Air conditioners also control humidity. Excess moisture condenses on the indoor unit coil in cooling or dry mode and is piped away. Dry mode is used primarily in high humidity conditions where people are trying to sleep.
Heat energy and recovery ventilation systems remove stale and/or moist indoor air and replace it with fresh outdoor air that has been warmed from heat recovered from the stale exhaust air. These systems incorporate a heat exchanger between the stale air being extracted and incoming fresh air flow.
They are ventilation systems, not heating systems. Internal humidity may be controlled with heat recovery ventilation (HRV) systems as moist indoor air is replaced with warmed, drier outdoor air. The ability to raise or lower the temperature of the incoming air is only a secondary benefit. They can be combined with ducted heating systems as well as room-by-room heating systems.

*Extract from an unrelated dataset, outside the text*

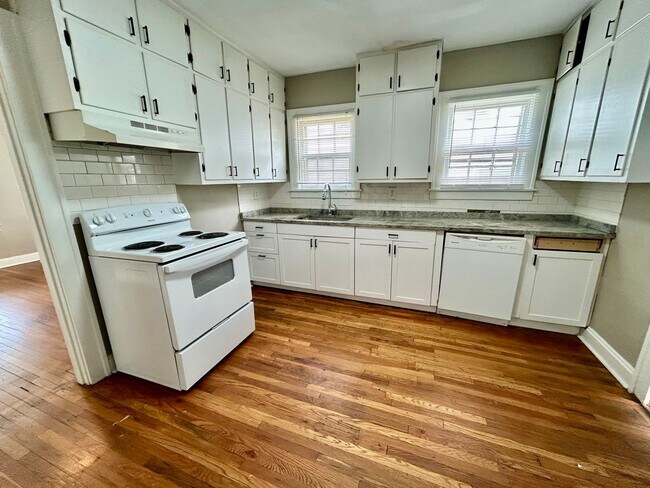 Building Photo - 6 Bedroom in Richmond Near EKU!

Because they recover heat/energy from the exhaust air, less heat is required to maintain a comfortable indoor environment. The amount of heat/energy recovered depends on the indoor air temperature, air flow rates and moisture content at the time of recovery. Both indoor moisture levels and humidity are effectively reduced. Indoor air may be cooled when the outdoor air is drawn from a cooler location.
If a ventilation system does not have a heat exchanger and does not supply outdoor air to the interior, it is not a heat recovery system.
Before installing a heat recovery or energy recovery system, the house should be insulated and draught-proofed. A large heat loss, due to inadequate insulation or large amounts of infiltration will effectively negate any benefits gained.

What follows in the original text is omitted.